Possibly the best help for this can come from YouTube itself. That screen indicates files being uploaded from a Mac requires them to be "MOV" format, whereas for Windows users the format is "WMV".

Kh


----------



## violadude (May 2, 2011)

Oh ok...so is there a way to change the files on my Itunes to MOV format?


----------



## Philip (Mar 22, 2011)

One way of uploading audio onto youtube is by creating a still 720p video of equal length to that of the audio track, and muxing them together in a supported container such as MKV, MP4, etc. since youtube allows the highest audio bitrate for HD videos only.

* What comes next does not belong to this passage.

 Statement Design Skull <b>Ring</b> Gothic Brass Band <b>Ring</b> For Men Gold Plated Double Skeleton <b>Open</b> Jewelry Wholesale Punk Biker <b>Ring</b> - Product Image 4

As of may 2011, the audio for 1080p and 720p videos is coded at around 152kbps, 480p and 360p at 128kbps, 240p at 60kbps. So it is now less critical to upload in HD in order to retain an acceptable bitrate, since 128kbps is often sufficient.

(Before march 2011, audio of 1080p and 720p videos was coded at 128kbps, 480p and 360p at 96kbps, 240p at 60kbps)


----------



## Philip (Mar 22, 2011)

violadude said:


> Oh ok...so is there a way to change the files on my Itunes to MOV format?


can't you use imovie?


----------



## regressivetransphobe (May 16, 2011)

You could borrow a real computer and use Windows Movie Maker.


----------



## violadude (May 2, 2011)

Yay! Figured out how to do it. thanks guys!


----------



## Polednice (Sep 13, 2009)

violadude said:


> Yay! Figured out how to do it. thanks guys!


Well, you're part way there.  That video is listed as private, so none of us here can watch it. Though perhaps you just wanted to taunt us!


----------



## violadude (May 2, 2011)

Oh no...>.< I didn't mean to make it private.


----------



## violadude (May 2, 2011)

Fixed! although that isn't one of the videos I wanted to show everyone, it's just a test run because it was the shortest piece I have.


----------